Artificial Intelligence ("AI") is deployed in various applications, ranging from noise cancellation to image recognition. AI-based products often come at remarkably high hardware and electricity costs, making them inaccessible to consumer devices and small-scale edge electronics. Inspired by biological brains, artificial neural networks are modeled in mathematical formulae and functions. However, brains (i.e., analog systems) deal with continuous values along a spectrum (e.g., variance of voltage) rather than being restricted to the binary on/off states that digital hardware has; this continuous nature of analog logic allows for a smoother and more efficient representation of data. Given how present computers are almost exclusively digital, they emulate analog-based AI algorithms in a space-inefficient and slow manner: a single analog value gets encoded as multitudes of binary digits on digital hardware. In addition, general-purpose computer processors treat otherwise-parallelizable AI algorithms as step-by-step sequential logic. So, in my research, I have explored the possibility of improving the state of AI performance on currently available mainstream digital hardware. A family of digital circuitry known as Programmable Logic Devices ("PLDs") can be customized down to the specific parameters of a trained neural network, thereby ensuring data-tailored computation and algorithmic parallelism.
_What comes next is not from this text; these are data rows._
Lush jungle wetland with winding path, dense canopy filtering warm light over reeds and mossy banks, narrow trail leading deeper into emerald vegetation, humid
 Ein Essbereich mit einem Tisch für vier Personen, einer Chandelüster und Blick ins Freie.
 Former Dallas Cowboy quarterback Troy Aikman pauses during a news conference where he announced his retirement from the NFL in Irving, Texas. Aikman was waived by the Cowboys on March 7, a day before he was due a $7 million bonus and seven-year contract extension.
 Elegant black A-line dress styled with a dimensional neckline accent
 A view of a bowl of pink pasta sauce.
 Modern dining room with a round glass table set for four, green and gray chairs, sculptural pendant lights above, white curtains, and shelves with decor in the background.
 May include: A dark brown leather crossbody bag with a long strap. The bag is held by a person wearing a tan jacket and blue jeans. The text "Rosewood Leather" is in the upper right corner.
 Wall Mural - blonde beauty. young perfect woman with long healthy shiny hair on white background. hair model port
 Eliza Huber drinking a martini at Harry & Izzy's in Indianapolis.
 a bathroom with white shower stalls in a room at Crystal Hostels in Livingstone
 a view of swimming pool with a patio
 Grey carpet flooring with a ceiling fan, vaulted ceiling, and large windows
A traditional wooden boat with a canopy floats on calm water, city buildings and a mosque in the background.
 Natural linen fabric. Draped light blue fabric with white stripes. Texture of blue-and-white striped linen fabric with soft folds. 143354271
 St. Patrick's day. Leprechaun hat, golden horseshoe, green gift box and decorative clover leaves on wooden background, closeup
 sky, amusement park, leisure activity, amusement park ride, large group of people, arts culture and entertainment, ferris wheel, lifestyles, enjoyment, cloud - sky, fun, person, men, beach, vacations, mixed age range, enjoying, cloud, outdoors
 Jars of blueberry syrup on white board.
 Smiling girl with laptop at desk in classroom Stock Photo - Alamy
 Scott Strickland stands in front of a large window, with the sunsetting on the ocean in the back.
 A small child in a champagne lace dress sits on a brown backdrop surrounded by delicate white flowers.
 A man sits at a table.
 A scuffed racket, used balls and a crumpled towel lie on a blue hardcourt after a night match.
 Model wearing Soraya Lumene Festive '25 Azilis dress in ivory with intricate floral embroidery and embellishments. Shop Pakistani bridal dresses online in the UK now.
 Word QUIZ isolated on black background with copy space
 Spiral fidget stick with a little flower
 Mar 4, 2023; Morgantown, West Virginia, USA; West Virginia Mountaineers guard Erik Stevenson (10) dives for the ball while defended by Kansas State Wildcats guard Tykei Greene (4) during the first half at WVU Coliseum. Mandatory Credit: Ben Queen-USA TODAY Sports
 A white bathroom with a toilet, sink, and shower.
Furthermore, a subgroup of PLDs, the Field-Programmable Gate Arrays ("FPGAs"), are dynamically re-configurable; they are reusable and can have subsequent customized designs swapped out in-the-field. As a proof of concept, I have implemented a sample 8x8-pixel handwritten digit-recognizing neural network, in a low-cost "Xilinx Artix-7" FPGA, using VHDL-2008 (a hardware description language by the U.S. DoD and IEEE). Compared to software-emulated implementations, power consumption and execution speed were shown to have greatly improved; ultimately, this hardware-accelerated approach bridges the inherent mismatch between current AI algorithms and the general-purpose digital hardware they run on.